Stephan Schwarz (born 15 May 1965) is a German businessman, entrepreneur, and independent politician who served as Senator for Economy, Energy and Enterprise in the Berlin state government from December 2021 to April 2023. He previously co-directed the building cleaning company GRG Services Group with his brother Heiko Schwarz from 1996 to 2021. He served as president of the Berlin Chamber of Crafts from 2003 to 2019. From 2019 to 2021, he was a member of the federal Council of Labour.

==Education and personal life==
After graduating from the Ernst-Moritz-Arndt-Gymnasium in Berlin in 1983, Schwarz studied philosophy and history at the Free University of Berlin until 1986, then at the Université de Paris IV (Sorbonne University) from 1987 to 1989, from which he graduated with a master's degree. He then remained in Paris and worked for the publishing house L'Arche éditeurs until 1990.

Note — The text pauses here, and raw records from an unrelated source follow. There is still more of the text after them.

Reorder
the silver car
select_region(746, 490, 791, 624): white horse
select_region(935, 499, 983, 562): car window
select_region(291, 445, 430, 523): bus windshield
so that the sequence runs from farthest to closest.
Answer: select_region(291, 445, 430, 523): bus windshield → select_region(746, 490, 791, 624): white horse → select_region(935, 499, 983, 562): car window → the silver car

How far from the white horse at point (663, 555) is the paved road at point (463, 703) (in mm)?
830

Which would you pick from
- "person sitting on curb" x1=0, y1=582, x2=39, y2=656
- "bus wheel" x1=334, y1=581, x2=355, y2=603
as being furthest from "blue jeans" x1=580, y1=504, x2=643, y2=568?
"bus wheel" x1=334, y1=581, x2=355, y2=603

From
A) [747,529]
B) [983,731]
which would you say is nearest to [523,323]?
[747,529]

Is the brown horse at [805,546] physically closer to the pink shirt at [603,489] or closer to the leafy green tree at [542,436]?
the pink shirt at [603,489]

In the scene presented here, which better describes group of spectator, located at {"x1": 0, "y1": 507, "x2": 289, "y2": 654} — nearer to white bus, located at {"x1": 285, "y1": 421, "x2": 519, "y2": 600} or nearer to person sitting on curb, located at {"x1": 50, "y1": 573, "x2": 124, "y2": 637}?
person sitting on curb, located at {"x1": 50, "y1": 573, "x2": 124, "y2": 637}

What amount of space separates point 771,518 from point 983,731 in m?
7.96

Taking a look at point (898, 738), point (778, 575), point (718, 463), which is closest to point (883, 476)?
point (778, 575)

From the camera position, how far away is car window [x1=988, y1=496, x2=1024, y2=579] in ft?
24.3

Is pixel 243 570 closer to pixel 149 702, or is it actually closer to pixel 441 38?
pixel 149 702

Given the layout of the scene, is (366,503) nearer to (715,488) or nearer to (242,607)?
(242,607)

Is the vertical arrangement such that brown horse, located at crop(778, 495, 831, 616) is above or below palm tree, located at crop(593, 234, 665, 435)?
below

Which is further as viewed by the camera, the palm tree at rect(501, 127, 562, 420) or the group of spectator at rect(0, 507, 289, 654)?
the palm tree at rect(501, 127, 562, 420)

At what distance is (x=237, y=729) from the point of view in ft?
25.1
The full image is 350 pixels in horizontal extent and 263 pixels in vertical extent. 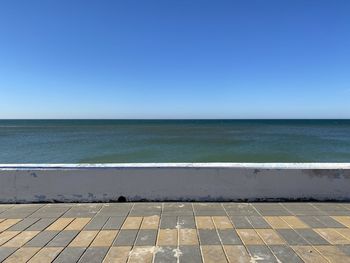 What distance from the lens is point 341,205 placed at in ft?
12.3

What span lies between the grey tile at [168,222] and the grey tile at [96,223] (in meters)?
0.66

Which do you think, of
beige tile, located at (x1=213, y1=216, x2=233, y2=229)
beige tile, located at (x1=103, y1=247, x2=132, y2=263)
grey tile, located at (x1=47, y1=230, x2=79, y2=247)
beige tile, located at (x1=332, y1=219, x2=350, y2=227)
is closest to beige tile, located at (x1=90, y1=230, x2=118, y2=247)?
beige tile, located at (x1=103, y1=247, x2=132, y2=263)

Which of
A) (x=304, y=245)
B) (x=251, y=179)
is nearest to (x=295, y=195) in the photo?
(x=251, y=179)

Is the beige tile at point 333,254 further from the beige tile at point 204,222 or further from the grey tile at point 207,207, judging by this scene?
the grey tile at point 207,207

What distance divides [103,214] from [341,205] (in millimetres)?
3082

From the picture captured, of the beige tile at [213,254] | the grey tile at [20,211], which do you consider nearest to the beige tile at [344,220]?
the beige tile at [213,254]

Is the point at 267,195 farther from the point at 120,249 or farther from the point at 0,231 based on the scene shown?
the point at 0,231

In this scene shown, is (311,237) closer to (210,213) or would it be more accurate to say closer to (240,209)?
(240,209)

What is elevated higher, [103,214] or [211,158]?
[103,214]

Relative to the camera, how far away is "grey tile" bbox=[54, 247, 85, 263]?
2.40m

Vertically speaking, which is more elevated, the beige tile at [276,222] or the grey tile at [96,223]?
the beige tile at [276,222]

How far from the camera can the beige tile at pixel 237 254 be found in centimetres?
239

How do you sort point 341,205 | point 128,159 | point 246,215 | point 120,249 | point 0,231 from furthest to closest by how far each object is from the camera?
point 128,159 → point 341,205 → point 246,215 → point 0,231 → point 120,249

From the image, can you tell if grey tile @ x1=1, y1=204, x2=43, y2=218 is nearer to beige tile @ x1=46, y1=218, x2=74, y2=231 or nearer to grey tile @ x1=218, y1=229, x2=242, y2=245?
beige tile @ x1=46, y1=218, x2=74, y2=231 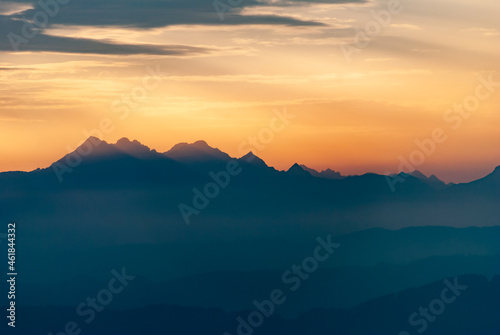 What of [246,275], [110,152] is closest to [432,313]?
[246,275]

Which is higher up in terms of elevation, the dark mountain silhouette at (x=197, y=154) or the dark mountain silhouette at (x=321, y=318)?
the dark mountain silhouette at (x=197, y=154)

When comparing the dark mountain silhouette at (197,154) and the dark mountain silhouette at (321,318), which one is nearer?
the dark mountain silhouette at (321,318)

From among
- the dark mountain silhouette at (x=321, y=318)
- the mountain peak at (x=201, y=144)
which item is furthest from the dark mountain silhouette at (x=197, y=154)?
the dark mountain silhouette at (x=321, y=318)

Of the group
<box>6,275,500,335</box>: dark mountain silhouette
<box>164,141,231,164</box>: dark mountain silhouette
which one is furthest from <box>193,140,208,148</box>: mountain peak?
<box>6,275,500,335</box>: dark mountain silhouette

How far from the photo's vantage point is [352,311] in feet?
188

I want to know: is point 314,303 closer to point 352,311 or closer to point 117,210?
point 352,311

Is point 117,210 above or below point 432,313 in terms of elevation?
above

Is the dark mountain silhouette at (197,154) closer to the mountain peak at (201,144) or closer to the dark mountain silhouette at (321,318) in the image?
the mountain peak at (201,144)

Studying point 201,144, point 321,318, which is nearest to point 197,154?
point 201,144

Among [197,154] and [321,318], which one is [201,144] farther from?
[321,318]

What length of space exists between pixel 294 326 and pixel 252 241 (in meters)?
8.57

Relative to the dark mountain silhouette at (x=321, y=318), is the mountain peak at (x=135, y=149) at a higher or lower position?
higher

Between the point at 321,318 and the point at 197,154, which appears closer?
the point at 321,318

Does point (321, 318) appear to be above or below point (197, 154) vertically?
below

In addition to his work in business, Schwarz is involved in several cultural, scientific, and social organizations. He is chairman of the Julius Lessing Society (affiliated with the Kunstgewerbemuseum Berlin), the ESCP Business School Berlin, and Friends of the Youth Art Association and Cultural Center Schlesische 27. He is a member of the Académie de Berlin, which promotes intellectual and cultural exchange between France and Germany. Schwarz is also a member of the board of friends of Deutsche Oper Berlin.

==Business career==
After living in Paris, Schwarz returned to Berlin in 1990 and began working in the family business, Großberliner Reinigungs-Gesellschaft KG, which was founded by his grandfather Walter Schwarz in Kreuzberg in 1920. After the death of his father Hans-Jochen, who had run the company since 1970, Stephan was appointed director in 1996. His younger brother Heiko became do-director a few years later, and together they developed the company into its modern form, GRG Services Berlin GmbH & Co. KG. Since taking over the management of the company, Schwarz has been responsible in particular for its development and expansion throughout Germany.

Schwarz was formerly a member of the supervisory boards of several German companies, including Signal Iduna (as deputy chairman), the Berliner Volksbank (as chairman), MKH Michels Kliniken Holding SE (as chairman).

In 2003, Schwarz was appointed President of the Berlin Chamber of Crafts. He for sixteen years until retiring in 2019, after which time he was named honorary chairman. At the end of the same year, he was appointed to the Council of Labour by the federal government. Also in 2019, he became a member of the executive board of the Federal Guild Association of the Building Cleaning Trade.

==Senator of Berlin==
On 20 December 2021, Schwarz was introduced by the Berlin Social Democratic Party (SPD) as the incoming Senator for Economy, Energy and Enterprise in the Giffey senate. He took office on 21 December, taking over the portfolio from outgoing Vice-Mayor Ramona Pop. At the same time, he resigned from his position as director of GRG Services Group, his board positions on other companies, the Council of Labour and other trade organisations. Schwarz remains unaffiliated with any political party.